* _EXERCISE_
Count up the lines below containing the word "leaves", and give the result with no other words.

[Records contained in a dataset]
——

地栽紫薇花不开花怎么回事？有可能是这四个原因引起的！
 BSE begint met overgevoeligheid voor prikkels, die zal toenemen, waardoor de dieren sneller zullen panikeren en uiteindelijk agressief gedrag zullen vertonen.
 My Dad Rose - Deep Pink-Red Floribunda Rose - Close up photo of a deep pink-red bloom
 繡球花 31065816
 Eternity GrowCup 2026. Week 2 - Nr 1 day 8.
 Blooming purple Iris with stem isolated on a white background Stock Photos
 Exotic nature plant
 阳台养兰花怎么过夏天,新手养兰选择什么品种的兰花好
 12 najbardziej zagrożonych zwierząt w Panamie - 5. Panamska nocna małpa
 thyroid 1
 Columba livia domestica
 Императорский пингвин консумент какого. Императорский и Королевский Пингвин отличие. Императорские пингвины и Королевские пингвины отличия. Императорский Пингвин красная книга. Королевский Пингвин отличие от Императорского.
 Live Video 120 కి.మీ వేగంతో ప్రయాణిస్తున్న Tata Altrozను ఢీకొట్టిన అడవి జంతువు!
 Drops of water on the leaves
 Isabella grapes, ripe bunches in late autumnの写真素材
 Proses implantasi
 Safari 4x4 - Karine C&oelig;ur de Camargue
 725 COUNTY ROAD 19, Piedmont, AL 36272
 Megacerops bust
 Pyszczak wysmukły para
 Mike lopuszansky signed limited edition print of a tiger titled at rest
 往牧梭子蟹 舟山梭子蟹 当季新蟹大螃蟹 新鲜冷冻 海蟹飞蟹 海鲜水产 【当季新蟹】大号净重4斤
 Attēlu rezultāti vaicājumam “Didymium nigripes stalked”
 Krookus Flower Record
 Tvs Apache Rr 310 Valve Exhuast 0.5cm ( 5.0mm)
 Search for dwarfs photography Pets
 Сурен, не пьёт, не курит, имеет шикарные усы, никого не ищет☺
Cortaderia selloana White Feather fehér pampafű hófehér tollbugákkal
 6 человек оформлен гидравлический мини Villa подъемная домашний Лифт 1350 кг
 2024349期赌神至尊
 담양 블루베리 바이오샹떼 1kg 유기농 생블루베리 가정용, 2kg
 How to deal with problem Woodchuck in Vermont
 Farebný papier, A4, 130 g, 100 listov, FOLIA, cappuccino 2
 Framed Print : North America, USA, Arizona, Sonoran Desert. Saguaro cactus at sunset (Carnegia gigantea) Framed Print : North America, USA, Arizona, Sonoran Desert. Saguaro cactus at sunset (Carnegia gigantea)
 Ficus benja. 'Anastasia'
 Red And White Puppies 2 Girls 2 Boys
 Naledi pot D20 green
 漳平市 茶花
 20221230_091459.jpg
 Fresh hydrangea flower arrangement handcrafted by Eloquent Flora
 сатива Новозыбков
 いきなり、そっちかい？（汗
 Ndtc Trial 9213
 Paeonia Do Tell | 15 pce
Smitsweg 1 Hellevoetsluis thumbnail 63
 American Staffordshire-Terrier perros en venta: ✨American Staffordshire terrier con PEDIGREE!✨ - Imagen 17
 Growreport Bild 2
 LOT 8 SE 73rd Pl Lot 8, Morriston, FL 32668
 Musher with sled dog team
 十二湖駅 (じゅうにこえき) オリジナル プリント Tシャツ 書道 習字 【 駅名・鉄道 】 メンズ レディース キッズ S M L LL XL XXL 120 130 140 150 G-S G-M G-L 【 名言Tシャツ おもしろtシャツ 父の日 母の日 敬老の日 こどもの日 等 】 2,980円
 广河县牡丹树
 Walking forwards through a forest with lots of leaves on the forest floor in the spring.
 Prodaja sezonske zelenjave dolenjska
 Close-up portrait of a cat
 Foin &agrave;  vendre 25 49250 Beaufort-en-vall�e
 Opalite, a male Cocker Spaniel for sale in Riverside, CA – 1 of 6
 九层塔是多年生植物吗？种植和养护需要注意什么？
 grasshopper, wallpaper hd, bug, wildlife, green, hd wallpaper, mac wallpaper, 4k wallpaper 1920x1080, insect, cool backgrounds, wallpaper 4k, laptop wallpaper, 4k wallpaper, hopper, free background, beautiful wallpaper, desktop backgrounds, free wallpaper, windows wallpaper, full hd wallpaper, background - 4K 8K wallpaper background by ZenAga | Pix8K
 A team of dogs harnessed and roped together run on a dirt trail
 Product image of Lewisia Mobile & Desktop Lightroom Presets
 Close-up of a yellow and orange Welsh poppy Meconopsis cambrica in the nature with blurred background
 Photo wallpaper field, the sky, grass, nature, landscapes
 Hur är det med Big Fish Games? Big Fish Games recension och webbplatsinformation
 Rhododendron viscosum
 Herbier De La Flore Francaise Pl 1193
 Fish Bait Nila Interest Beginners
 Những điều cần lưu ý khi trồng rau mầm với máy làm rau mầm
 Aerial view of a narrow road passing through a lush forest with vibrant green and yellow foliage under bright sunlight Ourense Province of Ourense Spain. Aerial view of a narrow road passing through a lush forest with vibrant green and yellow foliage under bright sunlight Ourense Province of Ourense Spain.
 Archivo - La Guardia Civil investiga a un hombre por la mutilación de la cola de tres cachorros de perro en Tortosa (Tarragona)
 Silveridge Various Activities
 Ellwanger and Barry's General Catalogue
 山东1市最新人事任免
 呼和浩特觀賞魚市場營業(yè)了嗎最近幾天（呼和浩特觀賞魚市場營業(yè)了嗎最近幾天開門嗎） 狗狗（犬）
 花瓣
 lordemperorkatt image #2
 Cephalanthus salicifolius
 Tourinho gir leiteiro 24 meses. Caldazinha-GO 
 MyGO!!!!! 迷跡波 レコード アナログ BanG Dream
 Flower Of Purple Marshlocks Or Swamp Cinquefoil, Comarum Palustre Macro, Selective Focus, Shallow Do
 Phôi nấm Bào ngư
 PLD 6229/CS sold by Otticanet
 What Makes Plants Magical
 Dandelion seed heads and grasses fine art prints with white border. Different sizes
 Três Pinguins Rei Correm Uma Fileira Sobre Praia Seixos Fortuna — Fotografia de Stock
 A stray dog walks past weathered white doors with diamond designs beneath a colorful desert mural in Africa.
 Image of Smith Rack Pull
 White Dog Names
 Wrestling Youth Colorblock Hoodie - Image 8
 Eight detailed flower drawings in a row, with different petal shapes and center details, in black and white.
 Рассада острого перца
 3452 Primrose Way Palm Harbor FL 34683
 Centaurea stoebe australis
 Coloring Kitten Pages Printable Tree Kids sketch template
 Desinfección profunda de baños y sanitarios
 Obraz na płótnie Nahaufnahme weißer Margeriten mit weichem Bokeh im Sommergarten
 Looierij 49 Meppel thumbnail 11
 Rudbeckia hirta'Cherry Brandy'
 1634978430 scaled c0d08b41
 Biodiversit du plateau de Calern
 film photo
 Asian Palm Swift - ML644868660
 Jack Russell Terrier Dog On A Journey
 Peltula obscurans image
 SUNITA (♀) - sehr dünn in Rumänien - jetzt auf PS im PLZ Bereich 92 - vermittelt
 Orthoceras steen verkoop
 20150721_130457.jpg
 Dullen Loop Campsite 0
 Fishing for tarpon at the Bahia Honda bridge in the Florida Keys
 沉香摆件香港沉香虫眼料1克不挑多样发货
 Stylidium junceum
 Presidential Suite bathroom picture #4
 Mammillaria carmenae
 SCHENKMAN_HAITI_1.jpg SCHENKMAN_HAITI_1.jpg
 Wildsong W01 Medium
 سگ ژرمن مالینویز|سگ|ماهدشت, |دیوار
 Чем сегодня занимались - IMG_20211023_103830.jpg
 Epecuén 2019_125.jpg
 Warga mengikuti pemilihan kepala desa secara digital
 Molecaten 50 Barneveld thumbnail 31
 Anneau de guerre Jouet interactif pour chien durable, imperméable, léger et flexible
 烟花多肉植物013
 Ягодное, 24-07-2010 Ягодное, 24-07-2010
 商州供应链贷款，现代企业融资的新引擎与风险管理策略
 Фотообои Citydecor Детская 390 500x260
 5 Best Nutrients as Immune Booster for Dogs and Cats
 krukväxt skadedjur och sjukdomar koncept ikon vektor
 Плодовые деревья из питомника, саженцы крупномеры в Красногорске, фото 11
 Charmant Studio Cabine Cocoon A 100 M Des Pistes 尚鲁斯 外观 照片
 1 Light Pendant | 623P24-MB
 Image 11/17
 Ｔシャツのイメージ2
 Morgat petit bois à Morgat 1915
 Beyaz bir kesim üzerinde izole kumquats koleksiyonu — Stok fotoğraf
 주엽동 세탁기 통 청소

——

* _RESPONSE TO THE TASK_
2